Preserve Royalty, Guarantee Revenue
by R. Asmerom
For those of you who wonder, what does royalty really do in this age besides look fabulous and do charity work, the answer lies deep in the hoopla of the upcoming nuptials between Prince William and his princess-to-be Kate Middleton.
It may seem that the UK is spending enormous amounts of money and energy on a wedding for two people who actually have no political power but one has to appreciate just how important the royal family is to tourism. Although Britain’s economy is in recession and some are denouncing such a public display of spending, the wedding is set to generate a generous return on its investment.
According to the New York Times, one million tourists are expected for the wedding on April 29th, with analysts predicting that the event will generate over $1 billion in retails sales, according to Verdict, an industry research firm.
Since William is second in line to the throne after his father, Prince Charles, the wedding does not actually count as a formal state occasion, but that hasn’t given Britain any reason to not use the wedding as an opportunity to market their brand and infuse a celebratory mood among its residents who will have a day off from work to mark the occasion.

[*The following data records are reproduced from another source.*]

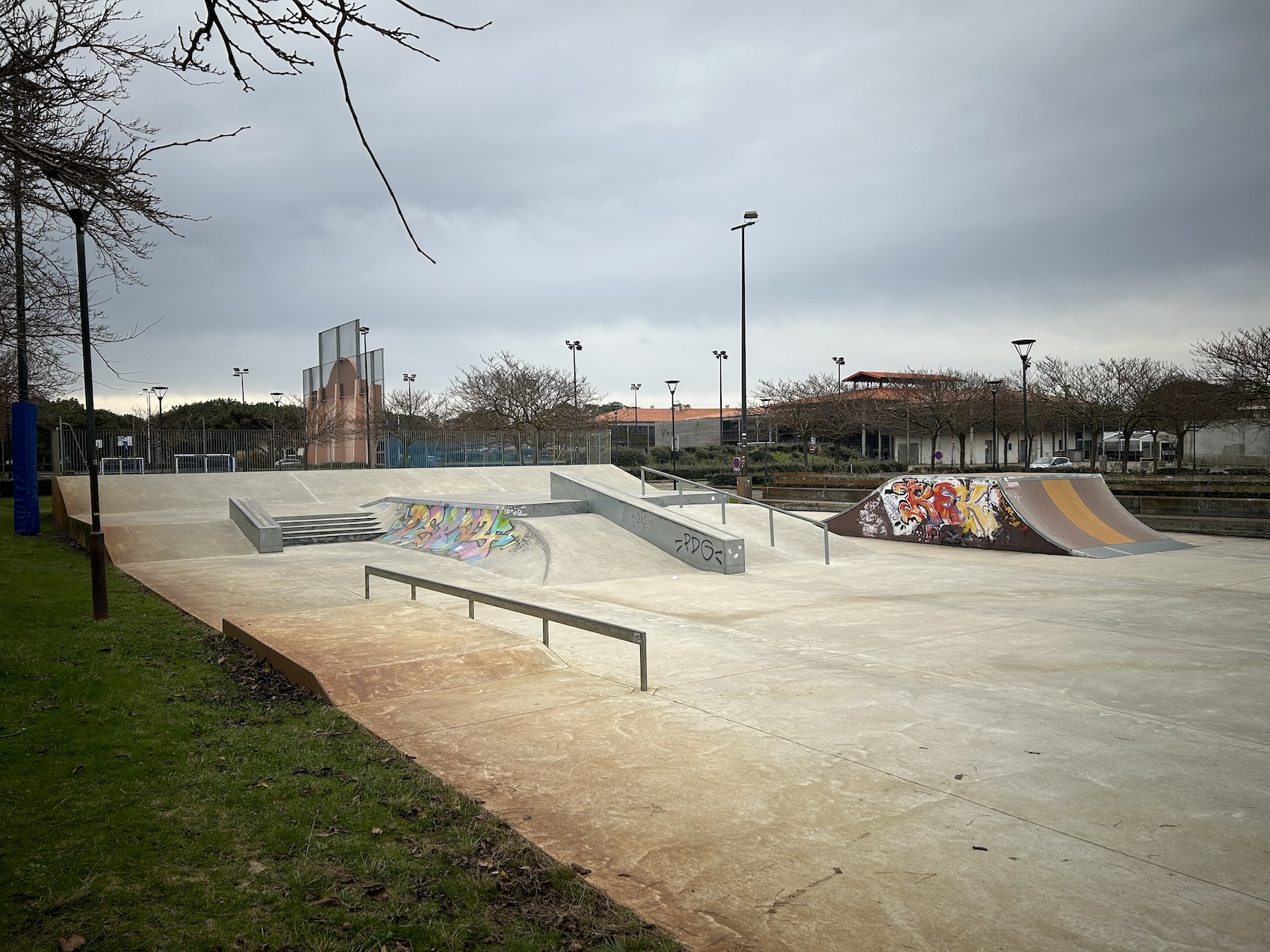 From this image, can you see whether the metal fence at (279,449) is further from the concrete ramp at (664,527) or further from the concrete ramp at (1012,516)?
the concrete ramp at (1012,516)

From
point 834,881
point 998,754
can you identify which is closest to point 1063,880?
point 834,881

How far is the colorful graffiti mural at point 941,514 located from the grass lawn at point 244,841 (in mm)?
14713

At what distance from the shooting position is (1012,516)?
1677cm

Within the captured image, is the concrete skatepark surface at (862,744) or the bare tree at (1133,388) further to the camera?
the bare tree at (1133,388)

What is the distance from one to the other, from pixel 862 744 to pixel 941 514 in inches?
558

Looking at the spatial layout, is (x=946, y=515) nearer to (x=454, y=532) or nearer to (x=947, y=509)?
(x=947, y=509)

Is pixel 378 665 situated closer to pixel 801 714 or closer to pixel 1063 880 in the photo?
pixel 801 714

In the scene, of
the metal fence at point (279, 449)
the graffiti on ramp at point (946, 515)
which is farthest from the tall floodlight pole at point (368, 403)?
the graffiti on ramp at point (946, 515)

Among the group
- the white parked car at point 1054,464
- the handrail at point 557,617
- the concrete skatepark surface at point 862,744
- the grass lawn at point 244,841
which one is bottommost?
the concrete skatepark surface at point 862,744

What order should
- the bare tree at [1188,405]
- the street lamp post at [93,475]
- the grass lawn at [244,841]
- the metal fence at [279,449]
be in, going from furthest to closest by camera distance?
the bare tree at [1188,405] < the metal fence at [279,449] < the street lamp post at [93,475] < the grass lawn at [244,841]

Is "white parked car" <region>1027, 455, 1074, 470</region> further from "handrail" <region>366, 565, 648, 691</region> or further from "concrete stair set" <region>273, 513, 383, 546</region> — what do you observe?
"handrail" <region>366, 565, 648, 691</region>

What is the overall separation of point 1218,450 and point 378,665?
53.3 metres

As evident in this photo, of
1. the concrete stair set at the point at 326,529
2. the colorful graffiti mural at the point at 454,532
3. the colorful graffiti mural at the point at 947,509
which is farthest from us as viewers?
the concrete stair set at the point at 326,529

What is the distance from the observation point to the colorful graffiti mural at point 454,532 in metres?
15.5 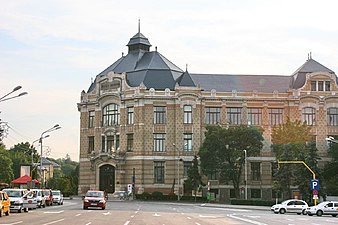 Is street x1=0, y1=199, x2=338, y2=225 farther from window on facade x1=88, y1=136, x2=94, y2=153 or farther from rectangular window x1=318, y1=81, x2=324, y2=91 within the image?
window on facade x1=88, y1=136, x2=94, y2=153

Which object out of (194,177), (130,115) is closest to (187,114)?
(130,115)

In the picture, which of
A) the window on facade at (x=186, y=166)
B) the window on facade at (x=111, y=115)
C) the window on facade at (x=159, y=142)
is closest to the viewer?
the window on facade at (x=186, y=166)

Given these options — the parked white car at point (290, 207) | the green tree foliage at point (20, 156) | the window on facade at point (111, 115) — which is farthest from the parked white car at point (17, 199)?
the green tree foliage at point (20, 156)

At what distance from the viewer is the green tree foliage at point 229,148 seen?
82812mm

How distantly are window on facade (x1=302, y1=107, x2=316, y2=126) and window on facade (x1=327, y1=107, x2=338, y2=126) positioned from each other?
7.67 ft

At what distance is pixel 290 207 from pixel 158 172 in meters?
36.5

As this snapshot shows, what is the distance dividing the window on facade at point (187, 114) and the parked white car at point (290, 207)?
3628 centimetres

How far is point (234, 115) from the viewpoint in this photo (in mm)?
93250

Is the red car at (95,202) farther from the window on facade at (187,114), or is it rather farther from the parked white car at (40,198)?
the window on facade at (187,114)

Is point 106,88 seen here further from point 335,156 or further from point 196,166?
point 335,156

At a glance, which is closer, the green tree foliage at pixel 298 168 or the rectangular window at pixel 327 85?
the green tree foliage at pixel 298 168

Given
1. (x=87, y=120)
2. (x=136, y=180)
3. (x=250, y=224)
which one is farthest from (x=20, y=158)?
(x=250, y=224)

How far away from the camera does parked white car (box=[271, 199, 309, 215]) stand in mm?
55188

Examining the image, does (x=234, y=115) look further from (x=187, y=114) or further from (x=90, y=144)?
(x=90, y=144) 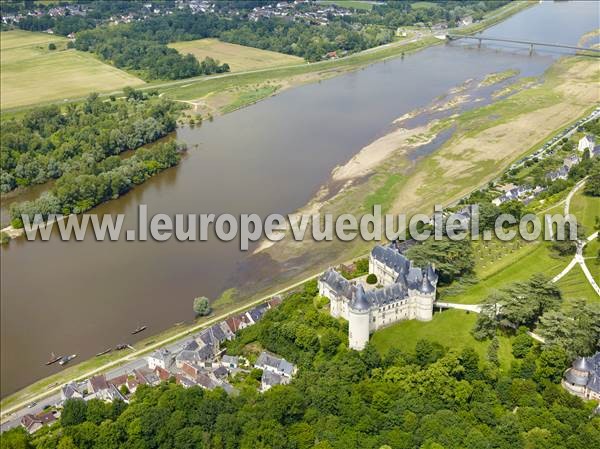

Although exact figures for the cost of this wedding are not in, it is expected that the Queen will cover the bulk of the costs and the government will contribute to cover security and other expenses. The total cost of the wedding of Prince William’s parents in 1981 was estimated at about $48 million. Whether this wedding will outshine that of Diana and Charles’s is anyone’s guess.
“The London papers have generally been reporting that there will be less money generated and fewer people lining the streets for the royal wedding on April 29 than estimated, but 30 years ago, they severely underestimated how many people would watch Charles and Diana’s wedding,” said Cheryl Anderson Brown, an author of two royal blogs.
Aside from the actual wedding day, the new union will continue to bolster attention on Britain and the royal family as Kate and William will be tracked by reporters and paparazzi for many, many years to come. That attention on the royal couple in itself will generate revenue for small businesses and continue to bolster the visibility of the UK in news and entertainment. Certainly, the BBC has much to be thankful for.